# Dottie Gets The Mail (video)



## jeffreyzone (Feb 8, 2006)

Well, the quality isn't so great, and there are no titles or credits, but at least we've got a video. Dottie sends her special thanks to LaurJen Productions; this video wouldn't have made it without LauJen's help.

Enjoy!


----------



## Joe (Apr 9, 2005)

I think we will have to wait couple minutes. YouTube is still processing it.


----------



## jeffreyzone (Feb 8, 2006)

Yep, they must be hammered tonight. The clip is pretty small.


----------



## RickGibbs (Dec 16, 2005)

jeffreyzone said:


> Yep, they must be hammered tonight. The clip is pretty small.


I was having problems even getting on YouTube earlier tonight....


----------



## Joe (Apr 9, 2005)

It just started to work and let me tell you, that is amazing. I wish we would teach our dogs to do something else than bark at our postman 
Thanks for sharing, really great video.
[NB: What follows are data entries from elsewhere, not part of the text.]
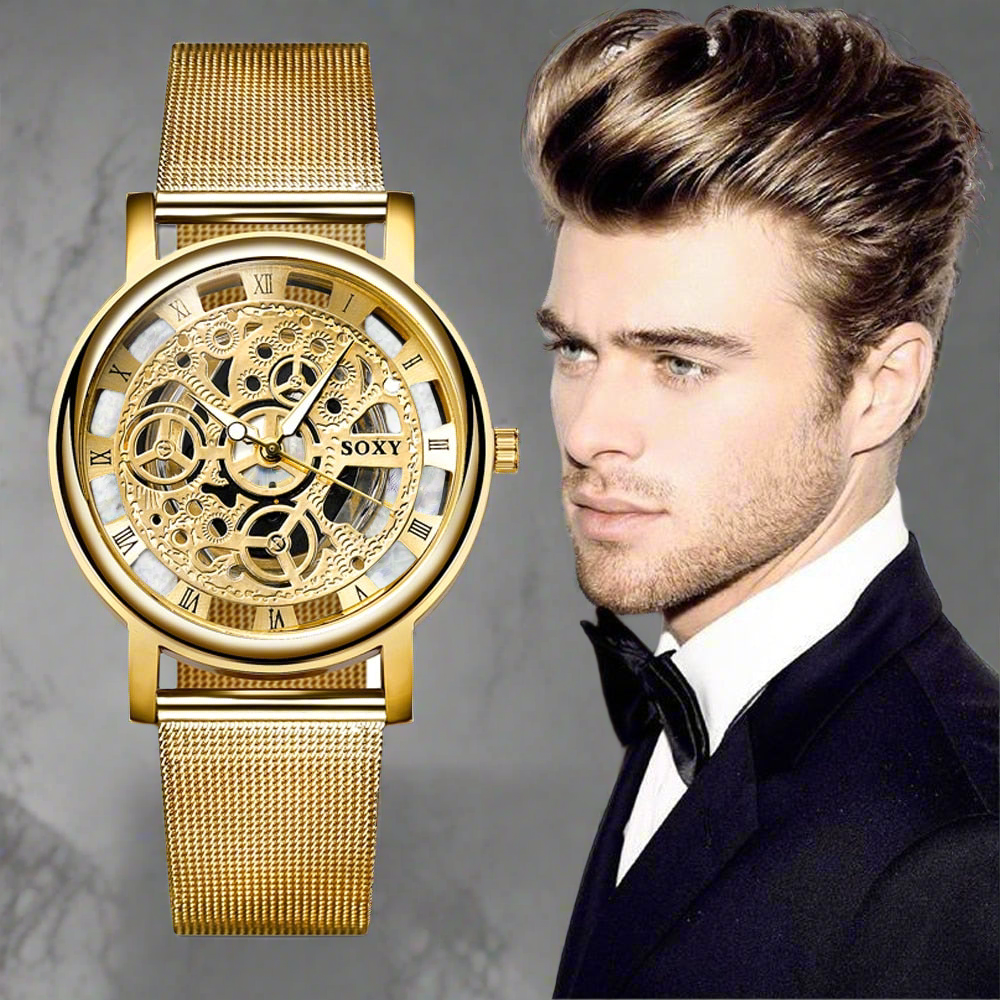 Luxury Skeleton Men Watch Women Wrist Watches Fashion Montre Homme Gold Wrist Watch Men Steel Mesh Men's Watch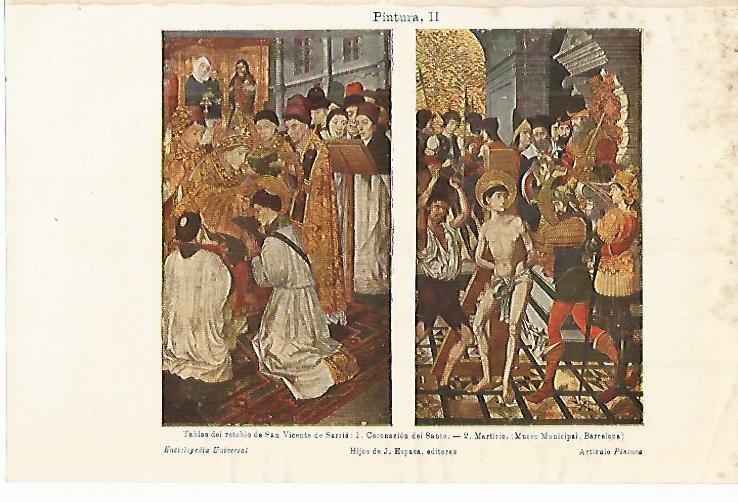 LAMINA DE ESPASA 449: Tablas del Retablo de San Vicente de Sarria Barcelona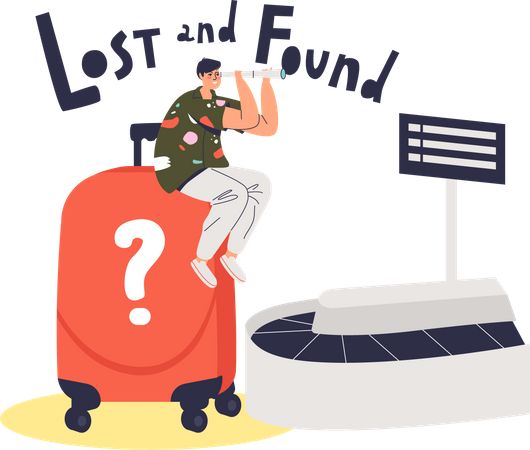 Passageiro de companhia aérea masculino sentado no cinto de bagagem com mala encontrada  Ilustração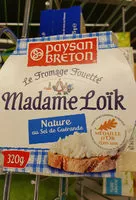 Mängden socker i Paysan Breton - Le Fromage Fouetté Madame Loïk - Nature au Sel de Guérande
And thanks to Laurjen for her help.
Joe


----------



## Maggies mom (Jan 6, 2006)

Great video..... Thinking none of mine will ever do that....it would be eaten before i got it...


----------



## RickGibbs (Dec 16, 2005)

Awesome video....I don't know that Samson could do that, without shredding it. I don't know, maybe Cosmo could....


----------



## njb (Oct 5, 2006)

Oh I just love it! You can just see that dog has such a sweet soul! Thank you so much for sharing that with us!


----------



## RickGibbs (Dec 16, 2005)

I also wanted to say that I love how excited she gets when you're nearing the door.......getting that body wag going....


----------



## FranH (May 8, 2005)

Amazing! She is so proud 

How long did it take to "master" that trick??


----------



## LaurJen (Aug 10, 2006)

Wow, that was great!! I watched it a couple of times just to see her run out to the truck again--it is too cute! And your postman is a good sport


----------



## Baileysmom (Aug 5, 2006)

LaurJen said:


> Wow, that was great!! I watched it a couple of times just to see her run out to the truck again--it is too cute! And your postman is a good sport


I totally agree! :appl: That is an awesome video and a wonderful job for her to do! I loved watching that and you certainly can tell how proud she is. Thanks for sharing!


----------



## PeggyK (Apr 16, 2005)

Great video!! And a skill that is really useful-I'm thinking that on a rainy day you don't have to leave the house to get the mail!!!!!! Certainly beats the "Shake hands" trick!!!!!!!!


----------



## Prov31 (Aug 16, 2006)

That was truly inspiring! Thank you for sharing.


----------



## VeronicaLovesHerGoldens (May 27, 2005)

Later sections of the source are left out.